PROBLEM: Any images in the material are to be dropped while every line is retyped exactly.

SUPPLIED DATA:
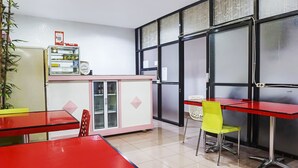 A compact kitchen with a refrigerator, a small pantry, and a window with a view. There are two red tables with chairs, one of which has a yellow chair. - Hotel O Homestay Madu Makassar (Makassar)
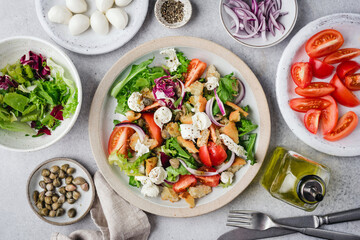 Healthy salad with tomatoes, croutons, greens and mozzarella cheese on a plate. Italian style Panzanella salad with mini mozzarella balls and capers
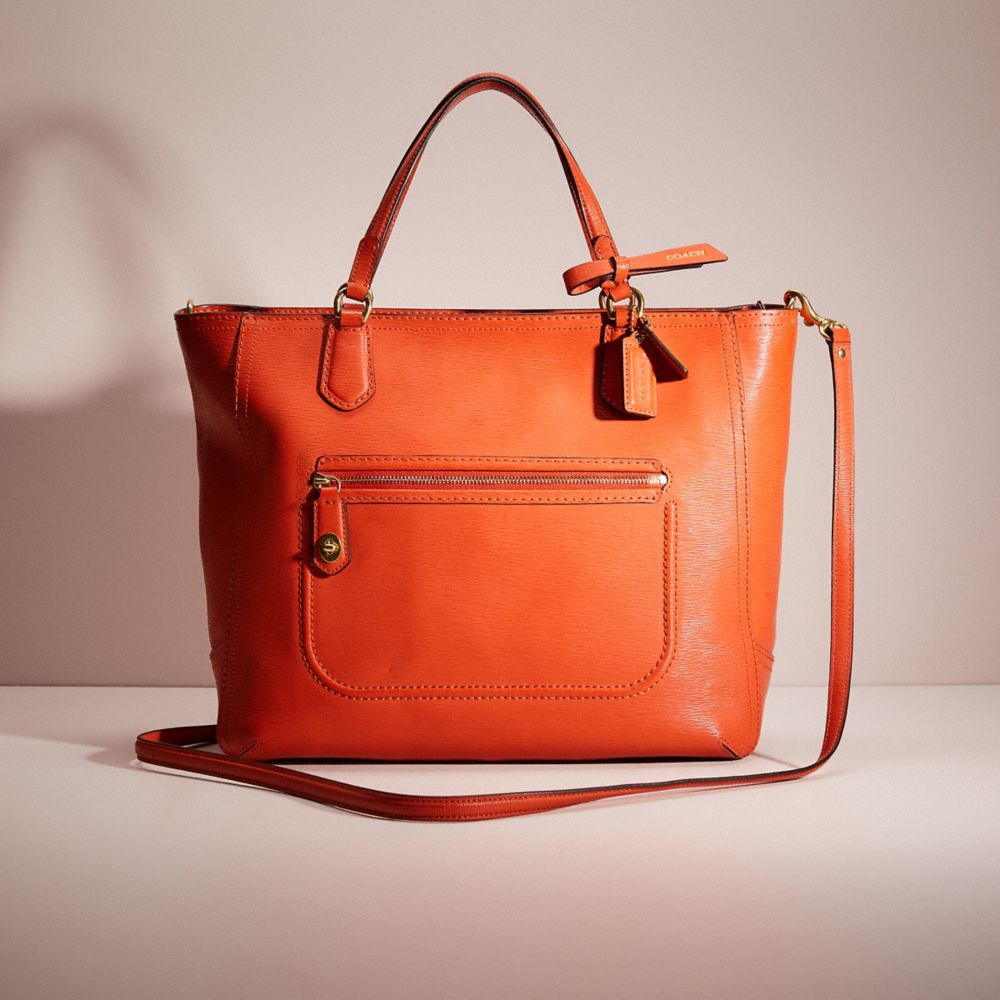 Coach orange store tote bag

ANSWER BELOW:
 A compact kitchen with a refrigerator, a small pantry, and a window with a view. There are two red tables with chairs, one of which has a yellow chair. - Hotel O Homestay Madu Makassar (Makassar)
 Healthy salad with tomatoes, croutons, greens and mozzarella cheese on a plate. Italian style Panzanella salad with mini mozzarella balls and capers
 Coach orange store tote bag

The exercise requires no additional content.